Li Sin has left Fifth Avenue now, and in his store, which was in those days a temple of truth as well as a temple of beauty, a very lying and exceedingly dishonest Armenian reigns. In his own city of Tientsin the Manchu lives in stately leisure. He has reverted to his own name, Hsien Po, which is great in Manchu annals. He has reverted to his Manchu dress of brocaded blouse and silken trousers, to his mandarin's cap with its mandarin's button. He is very proud of his pear gardens, and he divides his time between walking in them, reading the analects of Confucius, and giving the benefit of his marvelous medical knowledge gratuitously to the poor. He is happy, I hope, for if ever a man deserved to be happy, it is he.

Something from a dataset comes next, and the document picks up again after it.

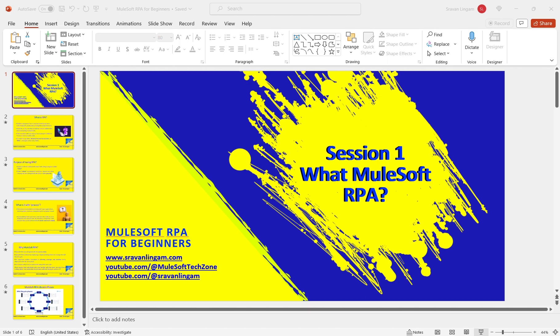In MuleSoft RPA, it feels like doing something like Photoshop — you are automating actions. For example, to go to a website: open Google Chrome, enter a URL, hover the mouse to the username field, enter the username, hover to the password field, type the password, and click Enter. All these mouse and keyboard actions will be automated. We create a process, and that process helps automate the workflow faster and more reliably.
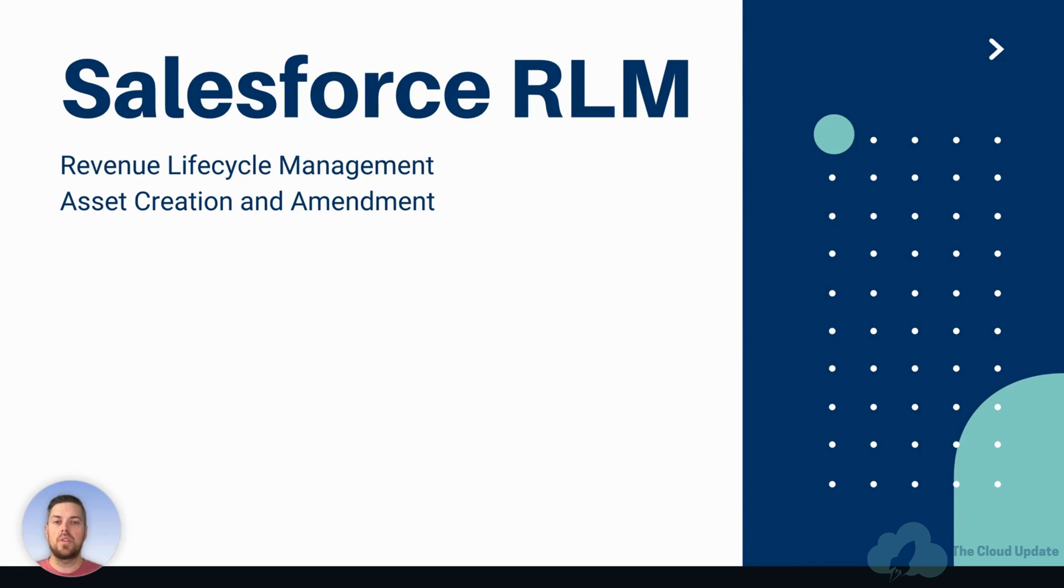Hello, everyone. Today, we're going to review the asset creation and amendment process in Salesforce revenue lifecycle management.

He is gone now, is Li Sin, but I can see him as plainly as though he were standing beside me. A rather squat sort of man, with a squarish face and high cheek-bones. His shining black hair was parted smoothly at the side, and there was a look of health in the transparent quality of his brown skin and in the whites of his slanting eyes. There was always a quiet smile on his lips, and he wore the tweed and broadcloth of America with as much ease as the blouse and silken trousers of his own land. The only Oriental hint in his clothes was the suppressed gorgeousness of his neckties. He roamed about the great store, passing an occasional word with the attendants or stopping to greet a favorite customer, which was an honor. The customers were much in awe of Li Sin. There were incidents that had taught them to respect him.
There was the incident of the amateur pottery expert who happened to be also a millionaire. He noticed a vase of delicate blue jade.
"Oh, Li Sin," he said, "I want that. That's a wonderful piece of Ming."
"It's not Ming," the Manchu told him.